Egypt has been trying to lure mining firms to unearth Egypt’s gold which could make it a top global producer and overhaul the country’s ailing economy. However, investors view the investiture terms as unappealing. In 2014, a new and more flexible legislation replaced the Egyptian 60-year-old Mineral Wealth Law, still, it failed to persuade gold miners.
The government offered investors royalty payment and production-sharing agreements, a model that companies believe it fails to fit with their business needs, as they consider the capital costs can stretch for decades while they develop mines that require hundreds of millions of dollars in investment, which the country needs to evolve a relatively untapped gold-mining threshold.
When the government launched its first international tender for gold mining concessions for eight years in January 2017, there was a tepid response and Egypt’s three main foreign companies, Centamin, Aton Resources, and Thani Stratex Resources did not partake in the tender which included five concessions in the Eastern Desert and the Sinai Peninsula.
Chairperson of Centamin, Yousef El-Raghy, told Daily News Egypt “the reason we did not participate is that the terms were against investors’ interests. The government should follow investment schemes of mining sector in other countries”.
Countries like Peru and Mexico adopted a modest royalty on mineral production and tax collection.
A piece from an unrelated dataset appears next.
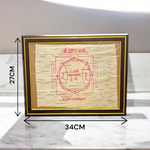 Shri Hanuman Yantra inscribed on Bhojpatra, framed in an antique wooden frame with glass cover, placed on a wooden altar.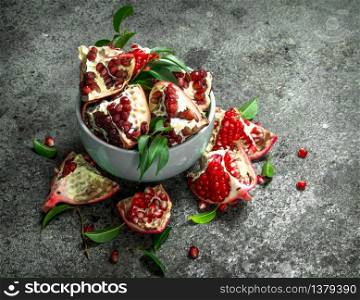 Ripe pieces of pomegranate in a bowl. On a rustic background.. Ripe pieces of pomegranate in a bowl.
This system helped to launch their mining sector and enabled them to become among the world’s top 10 gold producers. The Egyptian government still sees its model reflecting a lower exploration risk in a country where ancient mines populate the desert, indicating known mineralisation areas.
In Egypt’s mineral-rich Eastern Desert alone, some exploration companies estimated the potential gold reserves of higher than 300 tonnes. The government recently hired an international advisory office, Wood Mackenzie, to lay out a development strategy for the mining sector, so as to reach 2% of gross domestic product (GDP) within five years, compared to the current 1%.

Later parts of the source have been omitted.